The Mudcat Café TM
Thread #47337   Message #705419
Posted By: Stilly River Sage
06-May-02 - 04:01 PM
Thread Name: Hanoi Jane - any songs?
Subject: RE: Hanoi Jane - any songs?
Joe asked Why do these women engender such intense anger?

Because they are smart, have thought the issues through, and have taken unpopular stances because they let their consciences guide them. More power to them. You might also want to add Vanessa Redgrave to your list. She has been speaking out for the rights of the Palestinians for a long time. I heard an interview with Maude Adams once, who said she'd been warned about bringing up this topic with Redgrave. Despite her better judgement, when they were together on an occasion, she did ask, and was presented with a very organized but rather long discussion of the Palestinian issue. Adams was rather patronizing in her story, said she thanked Redgrave and let the matter rest. Too bad. Redgrave was right, and should have been listened to a long time ago.

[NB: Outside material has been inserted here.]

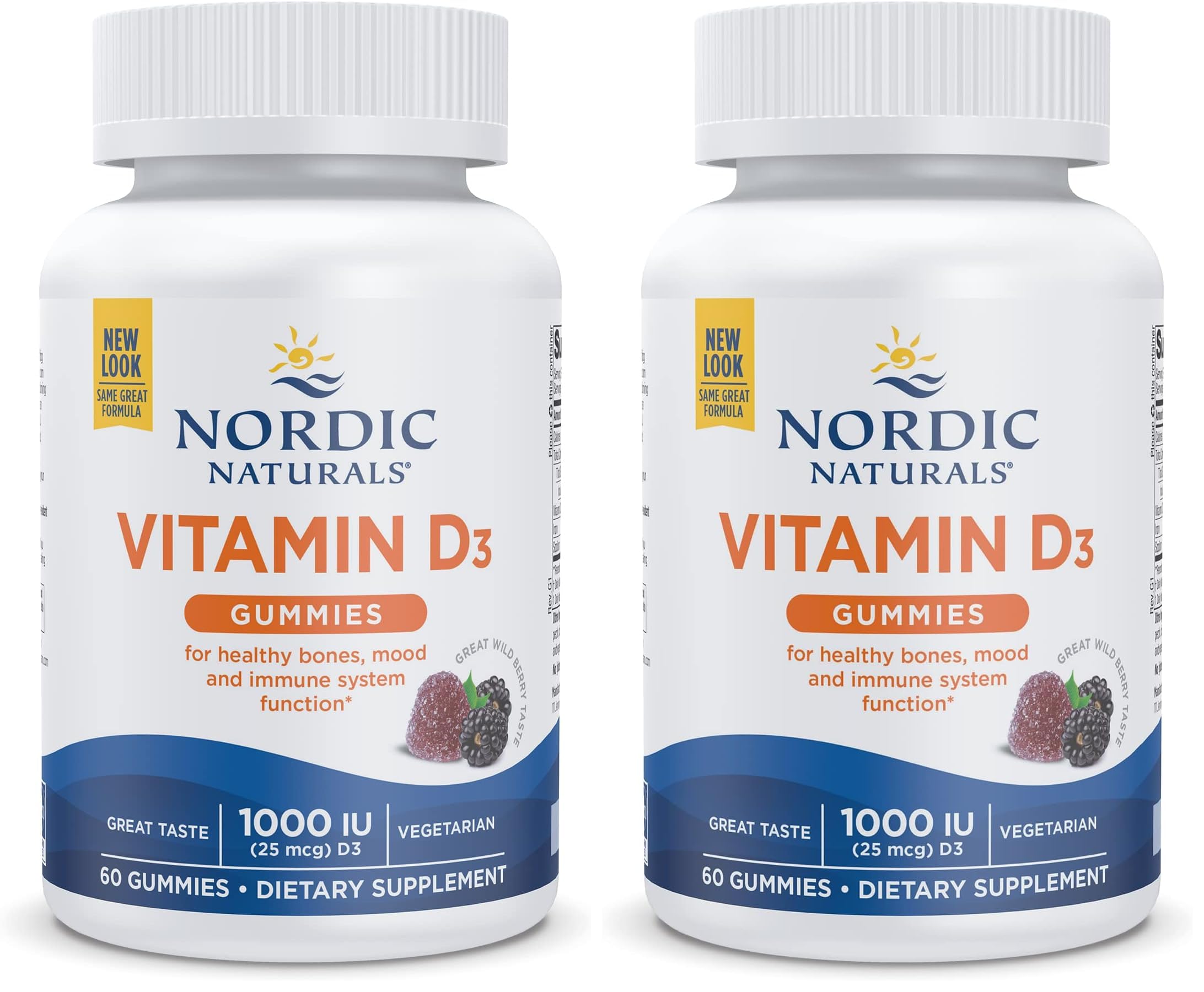 Nordic Naturals Vitamin D3 Gummies Wild Berry - 60 Gummies (2-Pack) 1000 IU | Non-GMO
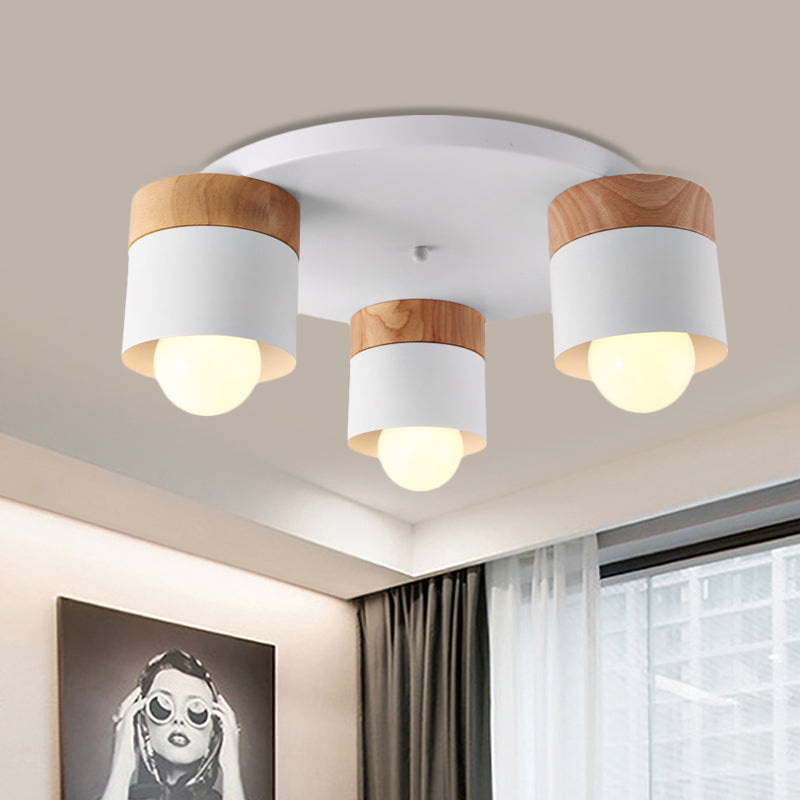 Iron Cylinder Flush Mount Fixture Modern Nordic 3 Bulbs White Ceiling Flush with Wood Top for Bedroom Clearhalo 'Ceiling Lights' 'Close To Ceiling Lights' 'Close to ceiling' 'Flush mount' Lighting' 730161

The emotional tide that accompanied Jane's trip to Hanoi is a huge knee-jerk reaction by people unwilling to give her the right to speak her mind. What is it about beautiful, smart, and talented women that makes them such a target when they speak from the head and the heart simultaneously? If she weren't a U.S. Citizen politicians might have managed to have her deported (a la Emma Goldman, who promoted birth control in the early twentieth century. Margaret Sanger did the same work, and also had difficulties because her promotion of birth control was so unpopular, but like Fonda, was born here so had to be left in a certain amount of peace).

I think, personally, that when a high-profile celebrity like Fonda steps forward, she puts to question the fundamental issues in a way that grass-roots protests were unable to. And those who were fighting in Vietnam were forced to ask themselves "is she right?" and then to defend their own positions. Sometimes people who are in ambiguous positions to begin with are the ones who fight the harder to suppress opposition, in order to salve their own conscience, to make it feel right that they're doing what they're doing. Freud probably has some good terms to describe this. Or Foucault.

Hindsight doesn't make those pro-war advocates and the soldiers fighting it feel any better, but perhaps coupled with time, it at least allows people to see what Jane was getting at.